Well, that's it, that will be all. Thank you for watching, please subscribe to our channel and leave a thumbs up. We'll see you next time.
--
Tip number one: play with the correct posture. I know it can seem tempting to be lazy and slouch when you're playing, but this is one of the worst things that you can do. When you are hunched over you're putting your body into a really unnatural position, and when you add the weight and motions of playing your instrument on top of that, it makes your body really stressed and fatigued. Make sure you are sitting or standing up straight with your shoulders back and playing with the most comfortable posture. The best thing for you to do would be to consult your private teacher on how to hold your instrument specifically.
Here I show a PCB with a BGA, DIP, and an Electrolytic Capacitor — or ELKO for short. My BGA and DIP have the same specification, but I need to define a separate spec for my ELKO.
==
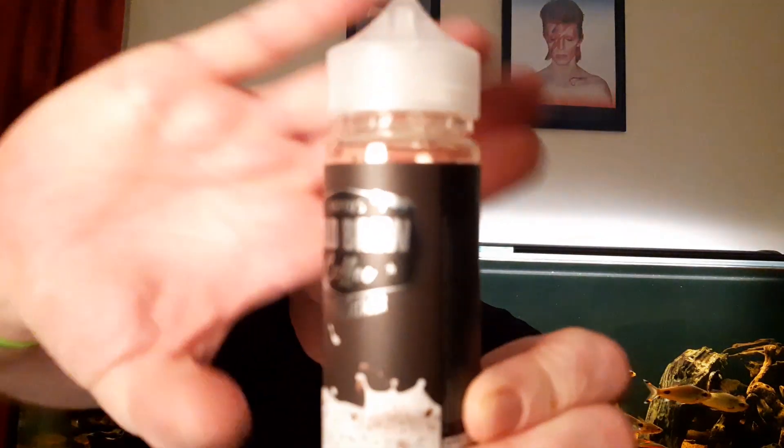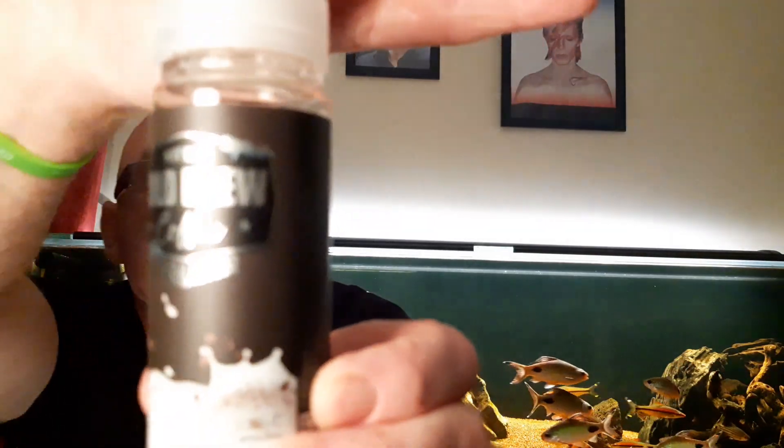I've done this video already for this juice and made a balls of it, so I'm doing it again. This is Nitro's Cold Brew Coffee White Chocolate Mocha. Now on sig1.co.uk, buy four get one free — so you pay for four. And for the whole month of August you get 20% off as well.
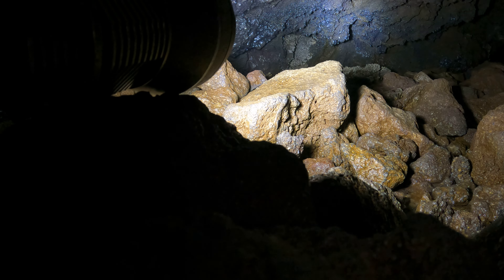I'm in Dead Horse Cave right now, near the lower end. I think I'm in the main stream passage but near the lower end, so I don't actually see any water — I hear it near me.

◆ Exercise
From the entries above, copy each line holding "that".

◆ Solution to the problem
Well, that's it, that will be all. Thank you for watching, please subscribe to our channel and leave a thumbs up. We'll see you next time.
Tip number one: play with the correct posture. I know it can seem tempting to be lazy and slouch when you're playing, but this is one of the worst things that you can do. When you are hunched over you're putting your body into a really unnatural position, and when you add the weight and motions of playing your instrument on top of that, it makes your body really stressed and fatigued. Make sure you are sitting or standing up straight with your shoulders back and playing with the most comfortable posture. The best thing for you to do would be to consult your private teacher on how to hold your instrument specifically.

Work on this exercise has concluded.